I don’t even want to think about fermented or distilled artichokes! 😀
There is a liquer, Cynar, which is quite popular in Armenia, and environs, which is distilled from them. Looks like Nyquil.
::does quick Google of Nyquil::
Eeeek!
So, the flood I was talking about, was the infilling of the Black Sea. When it took off the shoreline moved about three miles a day, and it took at least a month to stabilise on the southern side (one of the other things which came of that flood was probably the arrival of Indo-European to the area which is now Ukraine.

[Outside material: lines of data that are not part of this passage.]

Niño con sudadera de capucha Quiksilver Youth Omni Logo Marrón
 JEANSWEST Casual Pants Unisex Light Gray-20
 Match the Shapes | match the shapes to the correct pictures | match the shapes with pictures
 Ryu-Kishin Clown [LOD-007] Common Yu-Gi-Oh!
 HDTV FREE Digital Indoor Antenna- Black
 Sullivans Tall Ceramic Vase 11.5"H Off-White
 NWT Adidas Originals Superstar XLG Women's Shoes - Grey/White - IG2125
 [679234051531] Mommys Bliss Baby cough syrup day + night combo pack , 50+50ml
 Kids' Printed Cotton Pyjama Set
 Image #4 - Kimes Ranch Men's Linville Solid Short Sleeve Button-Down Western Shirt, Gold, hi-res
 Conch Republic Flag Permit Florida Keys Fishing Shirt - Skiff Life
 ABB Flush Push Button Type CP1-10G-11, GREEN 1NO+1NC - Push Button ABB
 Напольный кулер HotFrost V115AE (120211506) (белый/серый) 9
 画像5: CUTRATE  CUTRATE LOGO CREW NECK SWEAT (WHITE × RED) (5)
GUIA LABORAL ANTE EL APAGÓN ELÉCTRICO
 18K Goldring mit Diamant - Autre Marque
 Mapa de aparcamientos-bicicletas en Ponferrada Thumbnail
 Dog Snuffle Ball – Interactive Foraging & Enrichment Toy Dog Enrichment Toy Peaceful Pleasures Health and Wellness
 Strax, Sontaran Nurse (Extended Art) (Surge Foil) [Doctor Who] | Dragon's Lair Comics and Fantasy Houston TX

I’ve read about that one too. There was also an interesting article recently about the loss of what they call Doggerland, in what’s now the North Sea (the area is named after the present-day Dogger Bank). There was far more land there during the Ice Age, a bigger area than the UK and Ireland combined, stretching up to Norway. The land was slowly inundated as the climate changed, and about 8200 years ago, a huge release of water from a North American glacial lake, and a tsunami from a submarine landslide off Norway flooded what was left of it.
I mean, it seems pretty justifiable in Spinoza’s case, given that he was writing commentary on things that literally do not make sense, like that whole bit with the sun standing still. There are parts of the Bible that are just entirely inexplicable except in the context of misunderstanding.
But it’s definitely true that people underestimate how advanced our understanding of things was even thousands of years ago.